■ Work task ■
In the data below, find the line containing "HP 70900B LOCAL OSCILLATOR"; transcribe it and each line after it exactly, through the last, skipping pictures.

■ Exercise data ■
☆ ☆ ☆ ☆ ☆ ☆ ☆

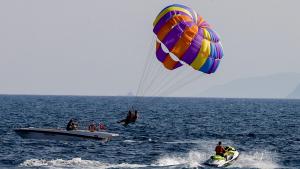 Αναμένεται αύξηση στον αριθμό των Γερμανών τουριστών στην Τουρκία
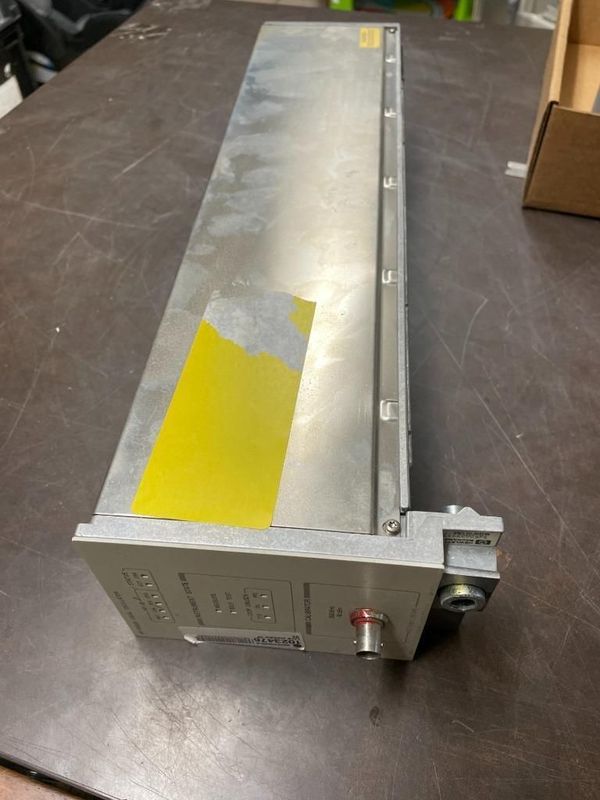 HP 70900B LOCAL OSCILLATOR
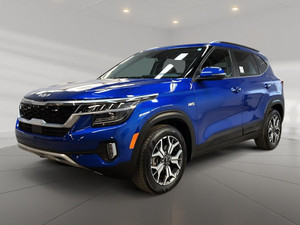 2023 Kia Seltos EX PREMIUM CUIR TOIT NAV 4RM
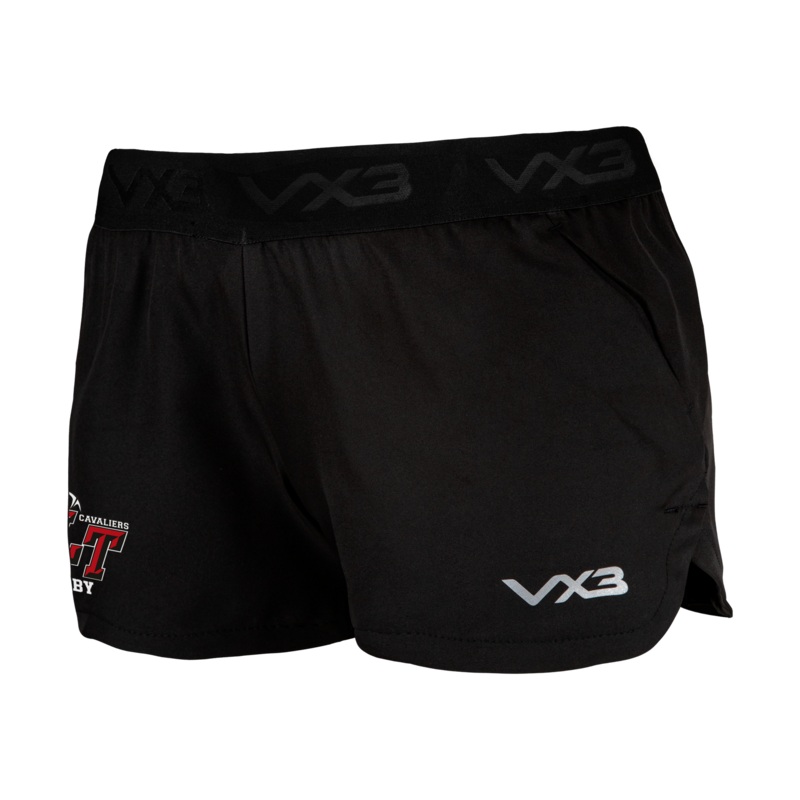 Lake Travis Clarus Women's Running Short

☆ ☆ ☆ ☆ ☆ ☆ ☆

■ Solution to this task ■
 HP 70900B LOCAL OSCILLATOR
 2023 Kia Seltos EX PREMIUM CUIR TOIT NAV 4RM
 Lake Travis Clarus Women's Running Short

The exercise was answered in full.